Remember making up excuses for why we did not finish a task -- including the dog ate my homework, or it was too hot outside to exercise? There are a number of common reasons that business owners give for failing to develop their strategic plans.
Here are three that are pure myth.
Myth 1: It will take forever to produce
The real value of developing a strategic plan for your business lies in taking some time to think about your situation – to work ON the business instead of just IN the business.
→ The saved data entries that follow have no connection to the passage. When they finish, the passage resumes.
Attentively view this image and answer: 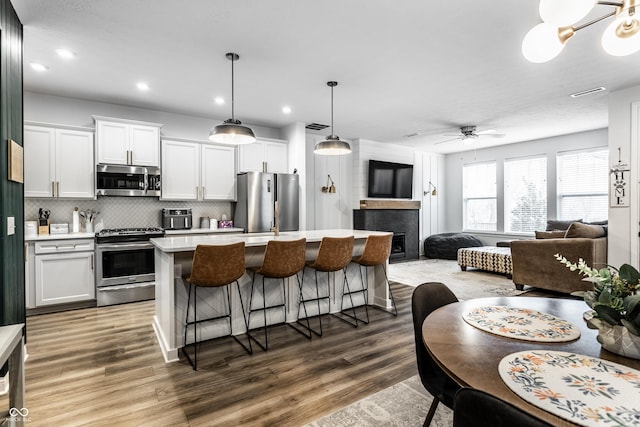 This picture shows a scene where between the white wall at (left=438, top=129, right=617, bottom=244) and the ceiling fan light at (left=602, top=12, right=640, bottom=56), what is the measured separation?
6.09 meters

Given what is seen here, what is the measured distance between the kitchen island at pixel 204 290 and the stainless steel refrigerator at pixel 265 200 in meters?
1.88

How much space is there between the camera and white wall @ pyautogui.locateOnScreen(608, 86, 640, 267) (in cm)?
433

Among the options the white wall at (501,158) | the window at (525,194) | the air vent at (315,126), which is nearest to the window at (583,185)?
the white wall at (501,158)

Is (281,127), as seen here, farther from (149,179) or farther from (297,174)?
(149,179)

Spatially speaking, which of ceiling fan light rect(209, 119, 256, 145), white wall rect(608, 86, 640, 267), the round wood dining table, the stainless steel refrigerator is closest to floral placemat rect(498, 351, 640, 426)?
the round wood dining table

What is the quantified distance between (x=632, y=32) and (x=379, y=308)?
135 inches

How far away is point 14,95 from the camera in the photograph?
2.67 m

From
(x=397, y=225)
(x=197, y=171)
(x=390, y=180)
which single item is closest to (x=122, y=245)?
(x=197, y=171)

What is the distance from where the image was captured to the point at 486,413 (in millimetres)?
762

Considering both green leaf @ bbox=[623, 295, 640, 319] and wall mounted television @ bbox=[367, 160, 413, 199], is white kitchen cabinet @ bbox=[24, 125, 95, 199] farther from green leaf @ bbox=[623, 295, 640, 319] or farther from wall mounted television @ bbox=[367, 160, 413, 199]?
green leaf @ bbox=[623, 295, 640, 319]

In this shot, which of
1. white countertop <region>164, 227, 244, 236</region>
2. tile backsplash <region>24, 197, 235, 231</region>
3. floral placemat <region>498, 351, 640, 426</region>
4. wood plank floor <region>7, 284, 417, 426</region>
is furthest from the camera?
white countertop <region>164, 227, 244, 236</region>

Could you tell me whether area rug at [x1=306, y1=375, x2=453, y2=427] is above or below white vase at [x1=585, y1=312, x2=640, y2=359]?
below

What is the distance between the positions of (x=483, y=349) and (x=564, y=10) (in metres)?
1.45

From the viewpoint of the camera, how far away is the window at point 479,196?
8.36 metres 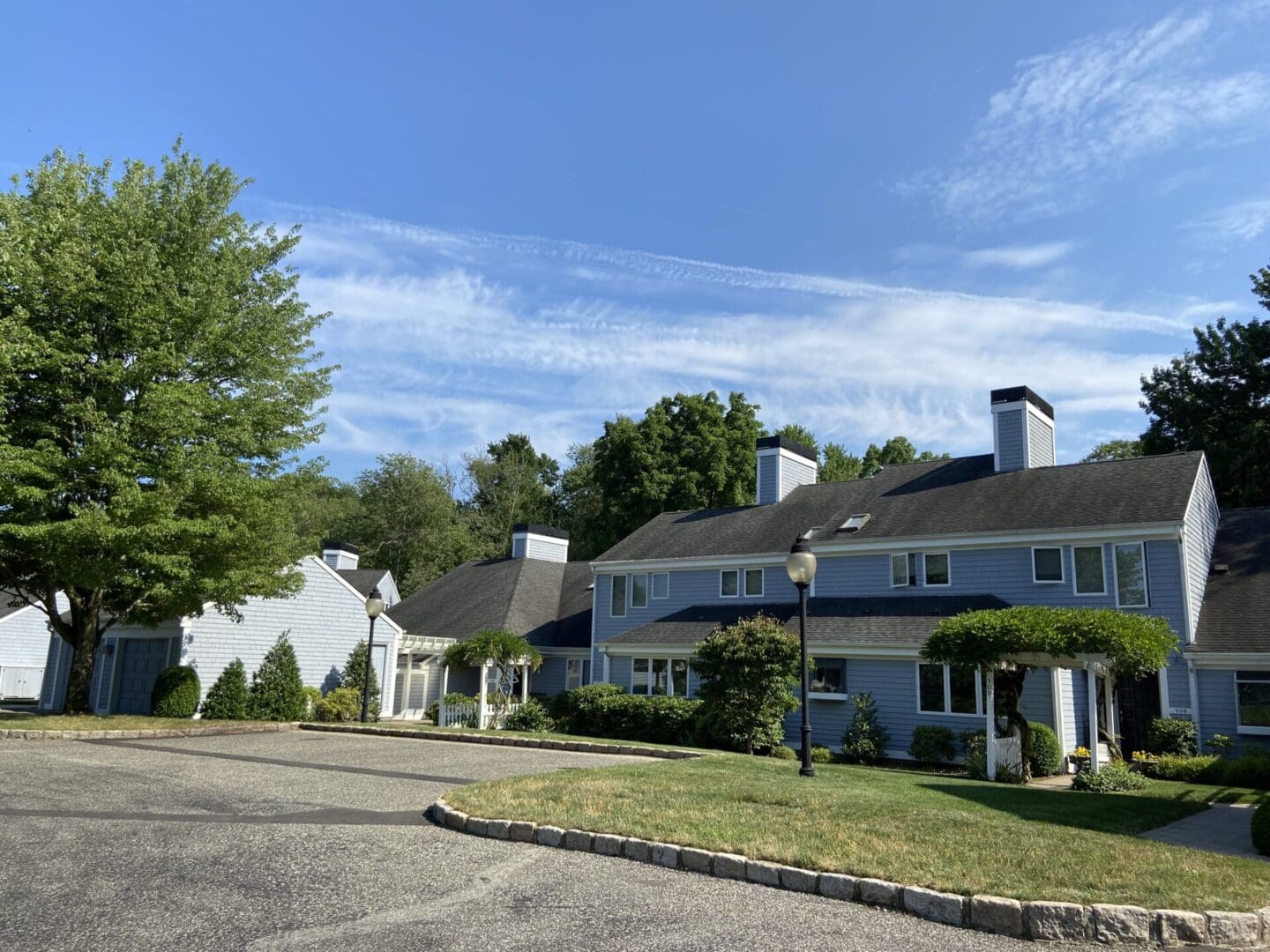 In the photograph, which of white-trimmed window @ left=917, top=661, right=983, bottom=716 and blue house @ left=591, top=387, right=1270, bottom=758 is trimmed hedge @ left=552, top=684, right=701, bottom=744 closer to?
blue house @ left=591, top=387, right=1270, bottom=758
Thinking strategically does not mean working out all the individual tasks you will need to do to achieve them right there and then. For example, suppose a goal is to grow revenues at an annual rate of 7 percent. This sets off all kinds of nitty gritty, task-oriented thinking about labor needs, promotional materials, space planning, etc. that can immediately bog you down. Strategic planning works on a higher level. One example would be “developing a new offering to broaden the service base and decreasing reliance on aging offering lines.” Only when a true strategy is devised and implemented is it time to think about the individual tasks needed to accomplish it.
Myth 2: My business is too small to need a strategic plan
A business owner can use a strategic plan to outline for employees the specific set of goals he wants the business to achieve. This provides employees with direction and focus for their activities. A strategic plan can form the basis of all measurement activity and keep an owner informed of how the business and employees are performing.
Doing the right things and doing them efficiently and economically are activities that every business, large or small, needs to get right, and a strategic plan is the foundation for achieving that.
Myth 3: A strategic plan is out of date from the time it’s finished
Too many small business owners treat their business plan as a closed book. That’s not helpful. A business plan should be an active document that the boss reviews and updates at least quarterly, if not monthly.
Your strategic plan won’t be doing what it is supposed to do unless you have regular meetings with the people responsible for achieving goals and checking progress against the planned goals. When you track the results of your efforts you can make mid-course corrections to get back on track if necessary. Regular meetings give the opportunity to make the best decisions possible as you progress, and manage the plan as a team.
A plan's purposes are action and accountability. Without both of these, the plan is useless and the dollars invested in creating the plan are wasted.
Treat your business like a real business
Businesses that perform at the highest level usually have a formalized strategic plan and have implemented it well. Businesses that struggle usually have no plan in place and often flounder in their attempts to be successful.